O grave neste caso é a companhia constante da morte a regar nosso jardim. Se guardamos uma flor sem vida no livro, outras brotam, e brotam outras, outras, outras. Mortes constantes e intermináveis germinam nos noticiários e, pior, em nossas relações. Fica difícil encarar a nova vida quando contaminada por tantas perdas a gerar novos e novos e novos lutos. É como se a tarja preta estivesse tatuada sobre a pele, e não disposta na manga da camisa.

Ao mesmo tempo em que me sinto fortalecido, recuso-me em ser conformado. Já me bastam as mortes tantas, passadas, presentes e – o horror! – futuras. Minha vida o corona não levará! Primeiro, porque quero estar vivo. Depois, em ter minha vida de volta ao sobreviver. Ao menos a parte mais importante: os encontros, os abraços, os beijos, o calor da presença, o olho no olho, o brinde, o riso compartilhado, a lágrima consolada, os olhares de cumplicidade, os silêncios parceiros… Vida pulsando em conjunto.

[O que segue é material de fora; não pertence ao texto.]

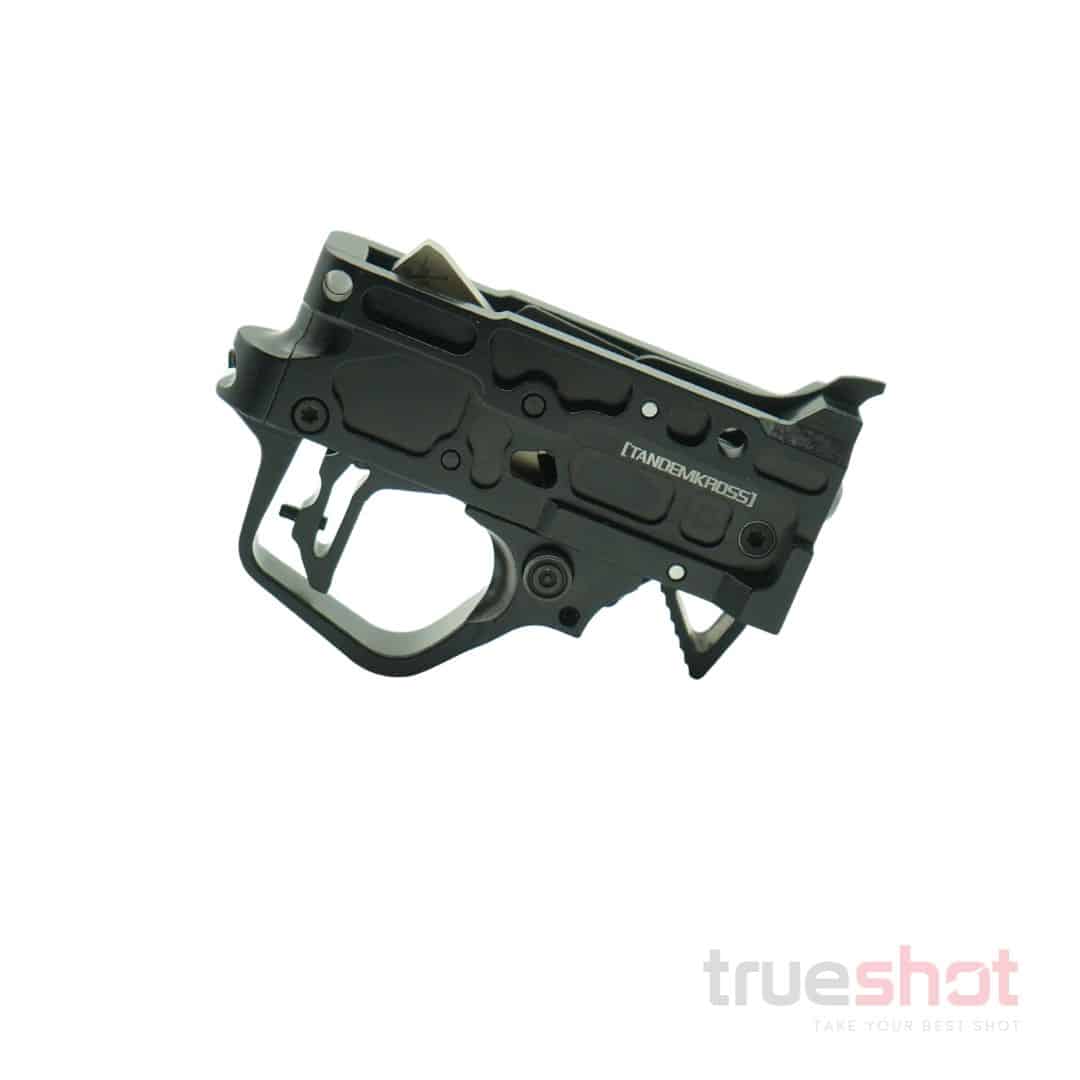 Tandemkross - Manticore Lite - 2.5/5 lbs - Flat - Black - Ruger 10/22 Trigger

Então, em breve, colher a definitiva flor do isolamento social e depositá-la com carinho e respeito em um livro para, do circunstancial, guardar lembranças. Sim, também foi o isolamento nossa vida. Vida resistente e solidária. Vida possível. Vida sem a morte como rega, regra, régua. Por este ideal que, todos os dias, sempre e sem recuar, luto.